Article 3.1 of the United Nations Convention on the Rights of the Child requires all relevant authorities to treat “the best interests of the child” as a “primary consideration”. Section 11 of the Children Act 2004 gives effect to this by providing that local authorities (together with other specified bodies) must make arrangements for ensuring their functions are discharged having regard to the need to safeguard and promote the welfare of children.
This provision was considered by the Supreme Court in ZH (Tanzania) v Secretary of State for the Home Department [2011] UKSC 4, a case concerned with an immigration decision. Baroness Hale held that it obliged an authority, in any relevant case, to consider the best interests of the child first. However, she went on to state that provided the authority did not treat any other consideration as inherently more significant than the best interests of the child, it could still conclude that the strength of other considerations outweighed them.
This led the court in R (on the application of Sheridan) v Basildon District Council [2011] EWHC 2938 (Admin) to conclude that there was a duty on the local planning authority in that case, when considering whether to enforce planning control, to have regard to the best interests of the children involved as a primary consideration.
Now, in Collins v Secretary of State for Communities and Local Government [2012] EWHC 2760 (Admin) an alleged failure to comply with this duty founded the principal ground of challenge to decisions of the Secretary of State to refuse planning and enforcement notice appeals recovered by him in a case involving a large group of Irish travellers that included some forty children.

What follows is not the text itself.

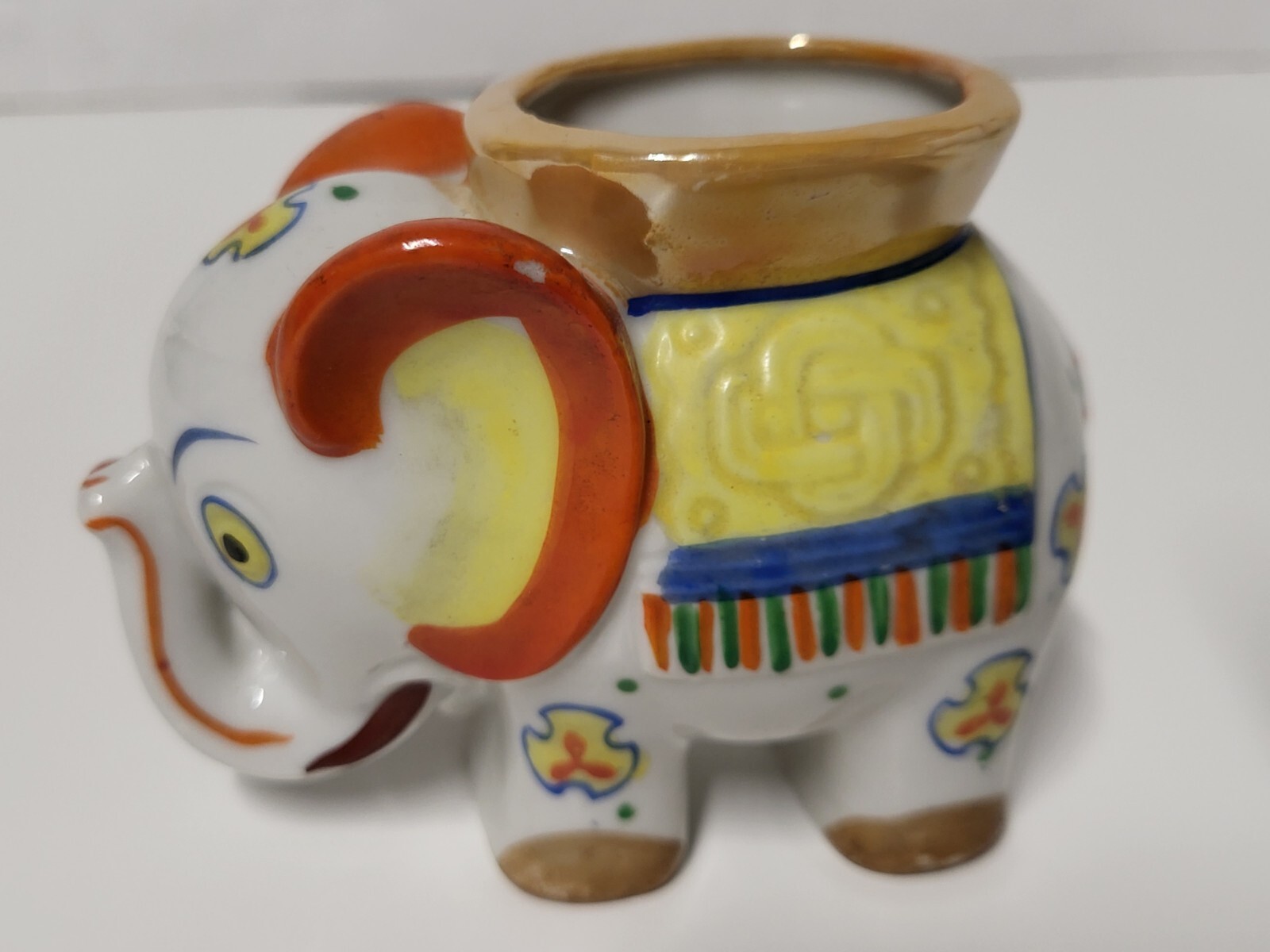 Vintage Lustre Finish Handpainted Japan Ceramic Elephant Vase Or Planter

The group had occupied a parcel of land, the lawful use of which was agricultural and equestrian, as a residential caravan site.
The court dismissed the challenge, holding that while the Secretary of State may have failed explicitly to identify the best interests of the children as being a primary consideration this was not a material issue. The question was whether, as a matter of substance, that was his approach. This accorded with the views stated in Sheridan. Reading the inspector’s report and the Secretary of State’s decision letter together, the claimant’s submission that the Secretary of State had failed to treat the best interest of the children as a primary consideration could not be maintained.